With backup, multiple copies are kept for version history. It isn’t uncommon to keep 12 weeks of backups and then monthlies for 3 years. In this case, you’d have over 40 copies, and data retention is where data deduplication has the most value. If you have a 100TB full backup and keep 40 copies, you’d need 4PB of disk. Even if you compress the data at 2:1 using standard compression, you’d still need 2PB of disk. Using data deduplication, the first 100TB copy can be stored in about 50TB of disk, and each subsequent copy will require about 2TB since approximately 2% of the data changes each week (i.e., 2TB on a 100TB full backup). In this example, you’d have 50TB plus 78TB (2TB per week x 39 copies) equals 128TB of disk.

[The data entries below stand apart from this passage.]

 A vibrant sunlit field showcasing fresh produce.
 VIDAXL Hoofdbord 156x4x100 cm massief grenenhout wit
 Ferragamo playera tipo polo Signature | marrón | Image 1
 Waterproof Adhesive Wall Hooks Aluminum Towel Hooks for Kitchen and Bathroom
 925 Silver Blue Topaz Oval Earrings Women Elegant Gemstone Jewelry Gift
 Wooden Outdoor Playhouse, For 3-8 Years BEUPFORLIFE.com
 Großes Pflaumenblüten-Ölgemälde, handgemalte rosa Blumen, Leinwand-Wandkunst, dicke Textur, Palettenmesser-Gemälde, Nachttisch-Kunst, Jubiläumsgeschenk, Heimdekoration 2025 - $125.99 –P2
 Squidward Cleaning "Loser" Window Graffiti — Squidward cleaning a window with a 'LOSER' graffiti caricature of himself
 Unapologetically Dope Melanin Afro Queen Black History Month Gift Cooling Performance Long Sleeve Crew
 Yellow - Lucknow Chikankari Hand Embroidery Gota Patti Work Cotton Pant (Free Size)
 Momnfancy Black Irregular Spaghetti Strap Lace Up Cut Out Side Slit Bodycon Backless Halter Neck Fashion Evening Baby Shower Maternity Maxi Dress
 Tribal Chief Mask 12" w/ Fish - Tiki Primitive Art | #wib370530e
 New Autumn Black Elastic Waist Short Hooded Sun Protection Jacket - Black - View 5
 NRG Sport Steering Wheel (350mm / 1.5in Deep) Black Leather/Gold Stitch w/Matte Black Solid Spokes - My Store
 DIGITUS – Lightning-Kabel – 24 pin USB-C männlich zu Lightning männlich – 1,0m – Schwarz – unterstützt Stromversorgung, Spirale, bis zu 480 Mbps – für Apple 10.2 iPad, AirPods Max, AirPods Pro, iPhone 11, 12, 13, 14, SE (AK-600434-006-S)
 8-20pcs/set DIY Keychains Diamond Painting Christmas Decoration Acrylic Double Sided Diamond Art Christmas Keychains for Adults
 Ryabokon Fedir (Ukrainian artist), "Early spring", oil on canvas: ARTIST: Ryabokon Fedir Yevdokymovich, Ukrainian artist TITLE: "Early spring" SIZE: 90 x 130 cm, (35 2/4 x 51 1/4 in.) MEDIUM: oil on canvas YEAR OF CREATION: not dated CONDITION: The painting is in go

The deduplication ratio is calculated by taking the amount of disk required without data deduplication divided by the amount of disk required with data deduplication. In the example, 4PB divided by 128TB equals a deduplication ratio of 31:1. The longer the retention period, the greater the deduplication ratio. If you keep one copy for retention, you may achieve 1.8:1, and if you keep four copies you might achieve 3:1; however, at 18 copies, the industry average is about 20:1. The industry average deduplication ratio of 20:1 is calculated at about 18 weeks of retention.
Is all data deduplication created equal?
No, and the differences are significant. Unlike standard data compression where the most you can achieve is 1.8:1 or 2:1, data deduplication is all over the map based on the deduplication method used. Vendors employ vastly different approaches, depending on how much resource (processor and memory) can be applied.
Backup applications that perform data deduplication on the media server use less aggressive algorithms to minimize processor and memory usage and, as a result, they achieve a much lower deduplication ratio. Target-side appliances that have built-in, dedicated processor and memory use much more aggressive algorithms and therefore achieve higher deduplication ratios. The lower the deduplication ratio, the more disk will be used over time (especially with longer-term retention) and the more bandwidth will be required for replication. Using deduplication in the backup application may save money up front, but over time the cost will be three to four times that in additional disk and bandwidth.
Typical backup application deduplication:
- 1MB blocks = 2:1
- 128KB blocks = 6:1
- 64KB blocks = 8:1
Typical target-side appliance deduplication:
- 8KB blocks = 12:1
- 8KB blocks with variable-length content splitting = 20:1
- Byte level = 20:1
- Zone stamps with byte level compare = 20:1
It’s important to know what approach is being used by the backup application or target-side appliance since the related costs for disk and bandwidth can vary greatly.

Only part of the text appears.